What you need to do:
Reproduce, exactly, the lines of the material below from the line containing "Toyota Corolla Cross 2023 2023款 2.0L 精英版" through the line containing "2019 Buick LaCrosse Essence", with both end lines included and nothing else.

Records supplied:
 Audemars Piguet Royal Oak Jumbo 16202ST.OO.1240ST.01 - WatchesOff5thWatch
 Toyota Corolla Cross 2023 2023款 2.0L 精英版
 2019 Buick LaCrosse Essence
...
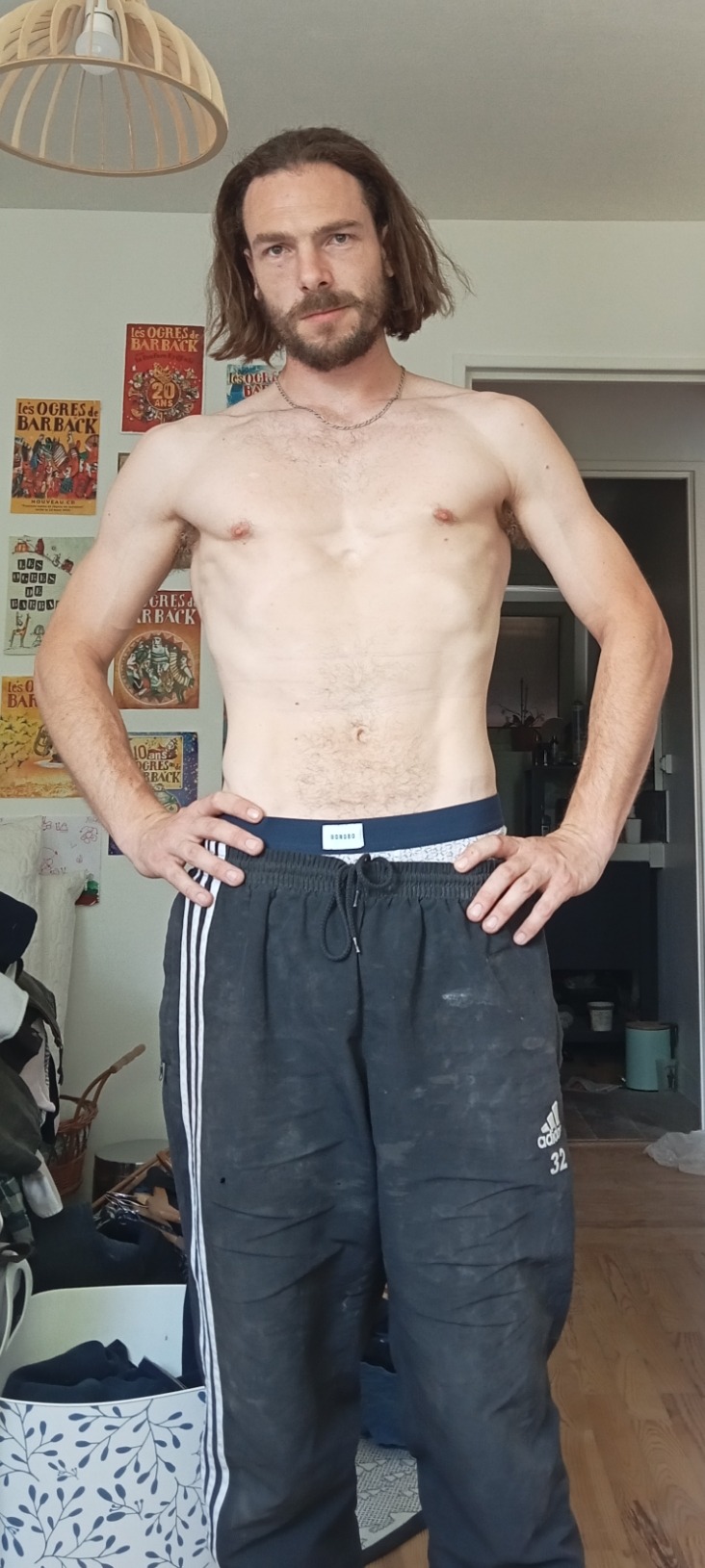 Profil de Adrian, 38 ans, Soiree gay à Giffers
...
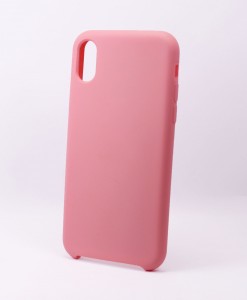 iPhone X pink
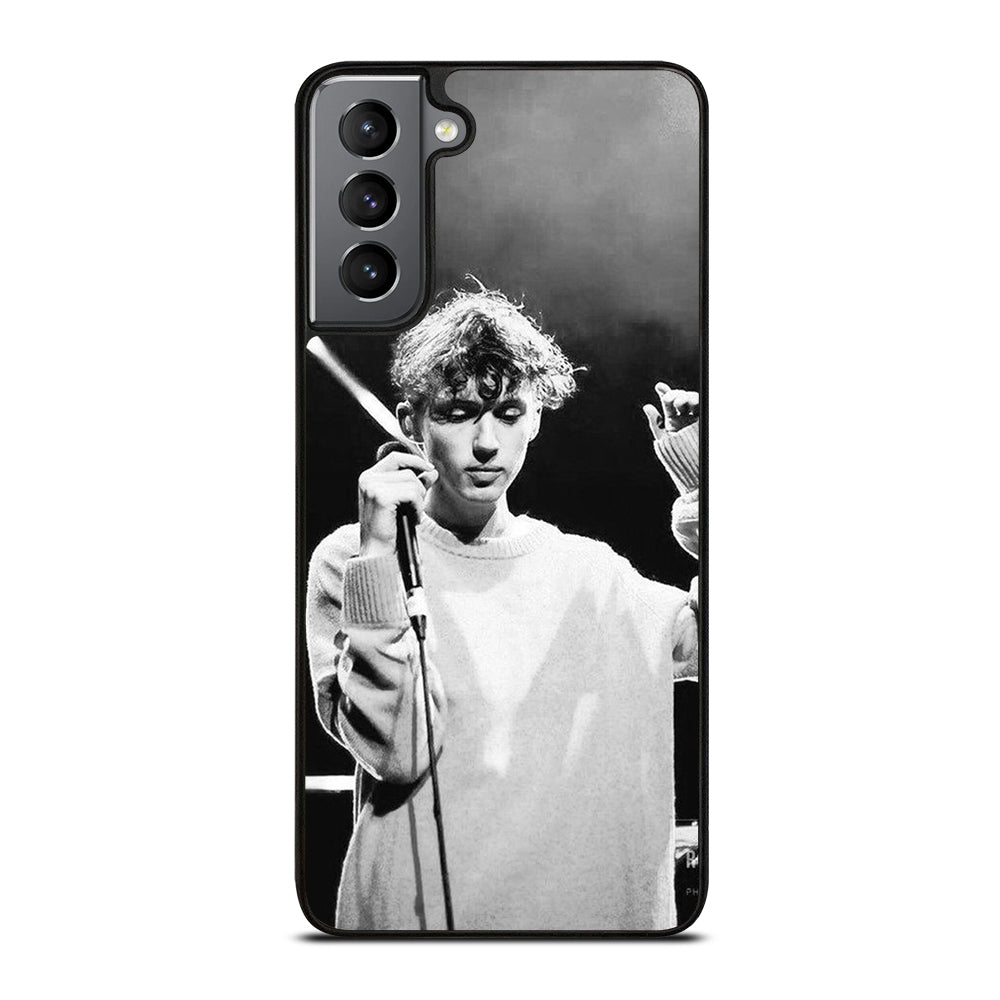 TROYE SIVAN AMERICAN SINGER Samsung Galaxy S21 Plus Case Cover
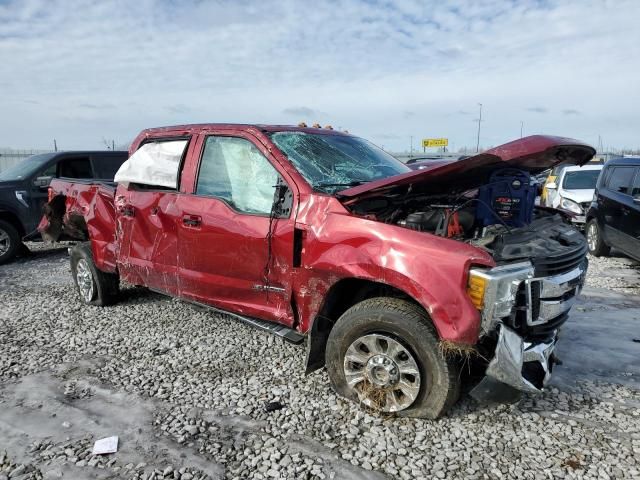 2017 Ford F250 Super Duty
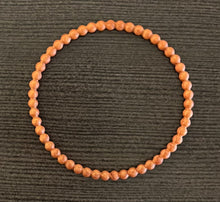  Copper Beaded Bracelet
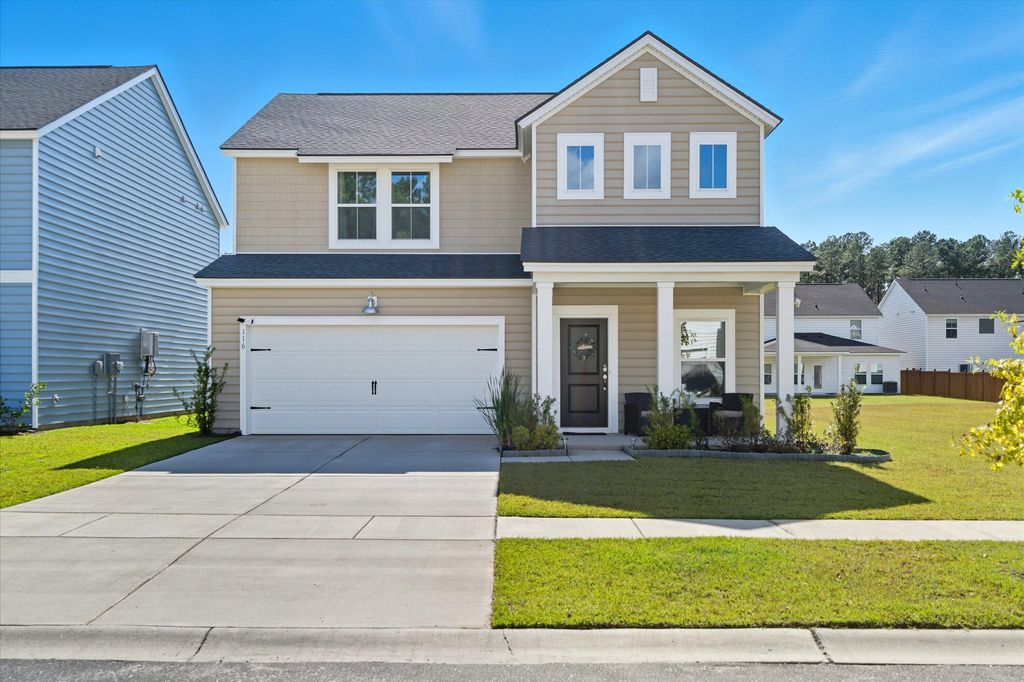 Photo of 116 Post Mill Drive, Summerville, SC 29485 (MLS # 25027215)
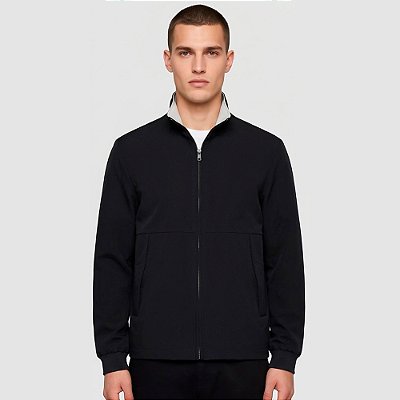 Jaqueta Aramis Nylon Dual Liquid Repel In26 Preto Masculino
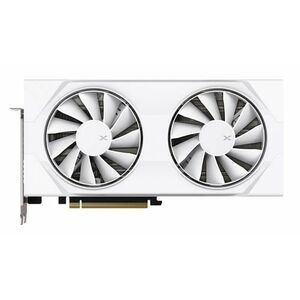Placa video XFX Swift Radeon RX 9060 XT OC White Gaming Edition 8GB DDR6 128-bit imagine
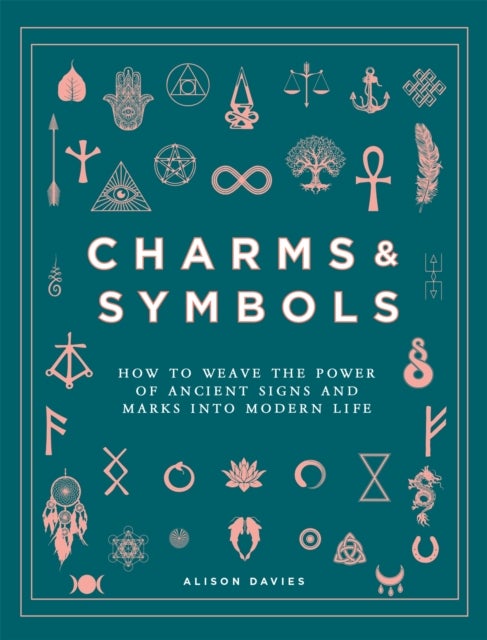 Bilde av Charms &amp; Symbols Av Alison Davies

Solution for this exercise:
 Toyota Corolla Cross 2023 2023款 2.0L 精英版
 2019 Buick LaCrosse Essence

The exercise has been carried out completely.